Anyone else having a similiar problem and fixed it?

I'd remove ACPI support but when I do then I can't get the nic to work. catch-22 huh   :Rolling Eyes: 

Mark Russell

----------

## Suicidal

Do you have the most recent bios for your computer? sometimes thier acpi is broken.

----------

## dc2rpt

Hi Mark and all others here :)

 *MRussell wrote:*   

> 
> 
> Whenever ACPI support is enabled I end up with a process 'events/0' that takes near 100% of the cpu, as well as the cpu fan going crazy (ie comes on full speed and doesn't stop till I turn the notebook off). 

 

The only hint, what i could give is:

I had similar problemes with gentoo-sources 2.4.20, with vanilla 2.4.22/2.4.23 acpi run fine. 

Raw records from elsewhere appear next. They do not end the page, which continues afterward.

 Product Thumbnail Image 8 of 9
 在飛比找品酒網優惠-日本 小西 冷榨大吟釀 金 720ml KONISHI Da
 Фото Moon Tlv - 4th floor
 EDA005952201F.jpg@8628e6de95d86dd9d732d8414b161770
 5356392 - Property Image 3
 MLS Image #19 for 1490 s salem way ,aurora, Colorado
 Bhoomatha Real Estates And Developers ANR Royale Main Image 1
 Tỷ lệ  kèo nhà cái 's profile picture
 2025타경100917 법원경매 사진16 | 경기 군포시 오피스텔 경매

But with 2.6.0 i had no problems with acpi. 

cu Thomas

----------

## JPMRaptor

You need to make a small change to the kernel source and rebuild your kernel.  

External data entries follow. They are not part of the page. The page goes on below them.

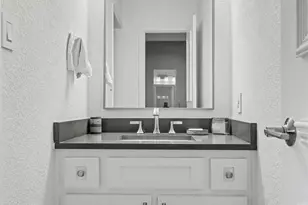 3401 Lantz Cir, Plano, TX 75025 - Photo 23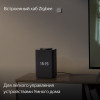 Умная колонка Яндекс Станция Макс с Zigbee (зеленая) в рассрочку без первоначального взноса и переплат
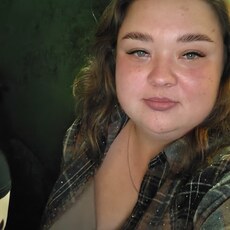 Фотография девушки Анастасия, 31 год из г. Тула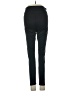 Under Armour Solid Black Active Pants Size 5 - photo 2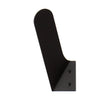 Merkled Wall Hook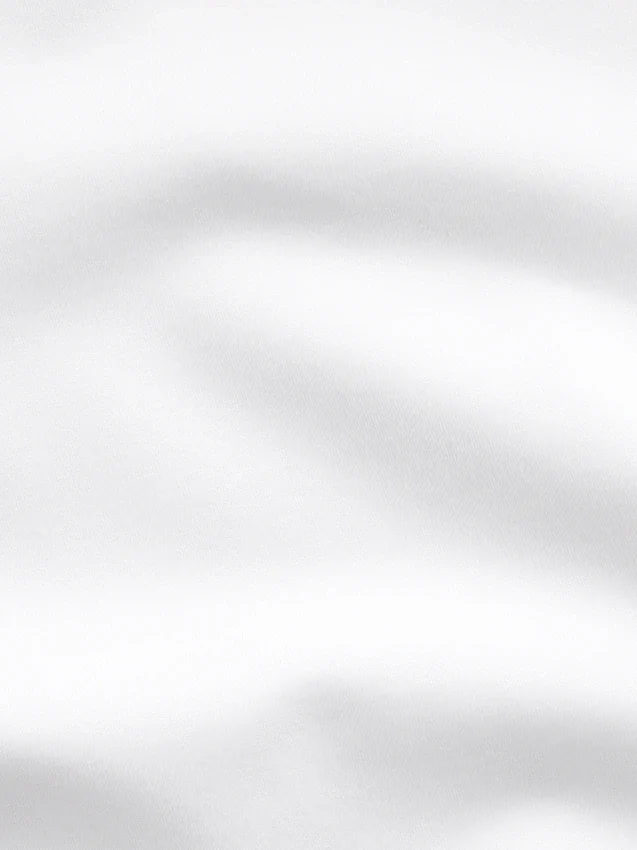 Secondskin Tişört Çıtçıtlı Body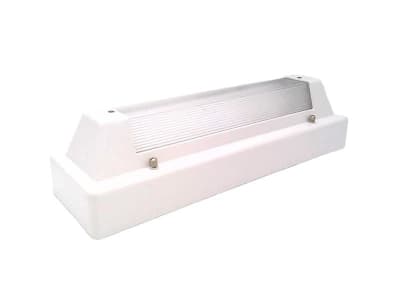EATON CORPORATION FMN28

In /usr/src/linux/drivers/acpi/events/evrgnini.c around line 27 there's a line that reads:

acpi_os_derive_pci_id (node, region_obj->region.node, &pci_id);

Comment out that line (wrap it in /* ...  */ ) and recompile.

I've been running with this change for several months and everything works just fine.

----------

## MRussell

I tried upgrading the BIOS this morning and that didn't fix anything.  Also I have already tried the trick with commenting out that code.  Note that I didn't find that exact line but I did find something very close ( one of the parameter names was differert).

Still no luck with either attempt.  I'm starting to wonder if maybe my laptop requries a custom dsdt for it.  Unfortunently I have not been able to find one if it does exist.  Latter today I will probably make a post to the acpi mailing lists and see if anyone out there might be more familiar with the problem.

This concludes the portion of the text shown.